Mehr, als diesen Griff weiter zu lockern, als in diesem juristischen und geistigen Abnützungskampf ein Stück Boden gutzumachen, war von diesem Verfahren erst einmal nicht zu erwarten. Selbst eine unmissverständliche Forderung nach einem Waffenstillstand hätte nicht mehr erreichen können als das.
Wenn man sehen will, wie weit der Westen inzwischen in die Defensive geraten ist, wie löchrig das gesamte Konzept der "regelbasierten Ordnung" geworden ist, genügt es, sich die Pressekonferenz des State Department vom 25. Januar anzusehen. Etwa ab Minute 1:40 kann man betrachten, wie der Pressesprecher Vedant Patel immer heftiger ins Rudern gerät, als er gefragt wird, ob die Vereinigten Staaten sich durch ein Urteil des IGH gebunden fühlten, und ob sie vorhätten, im UN-Sicherheitsrat weiter ein Veto einzulegen. Und die wutschäumenden Erklärungen aus Israel, die dem IGH inzwischen "Antisemitismus" vorwarfen, werden das künftig nicht besser machen.
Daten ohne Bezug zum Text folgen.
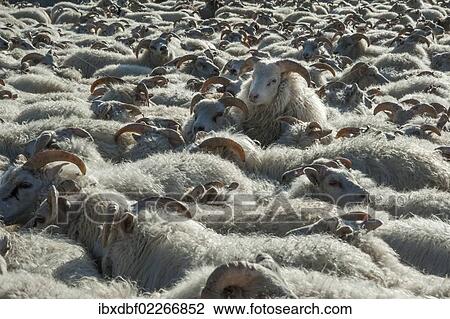 "Flock of sheep near Kirkjubaejarklaustur, southern Iceland, Iceland, Europe" View Large Photo Image Stock Image - "Flock of sheep near Kirkjubaejarklaustur, southern Iceland, Iceland, Europe". Fotosearch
Man darf nicht erwarten, dass auf dem Feld des Rechts mehr ausgetragen wird als Fragen des Rechts. Die Fragen der Macht werden andernorts geklärt, im günstigen Fall in der Diplomatie, im ungünstigen auf dem Schlachtfeld. Aber auf dem Feld des Rechts war das heutige Urteil ein Sieg, der eine auf dem Völkerrecht beruhende Weltordnung ein Stück näher gebracht hat.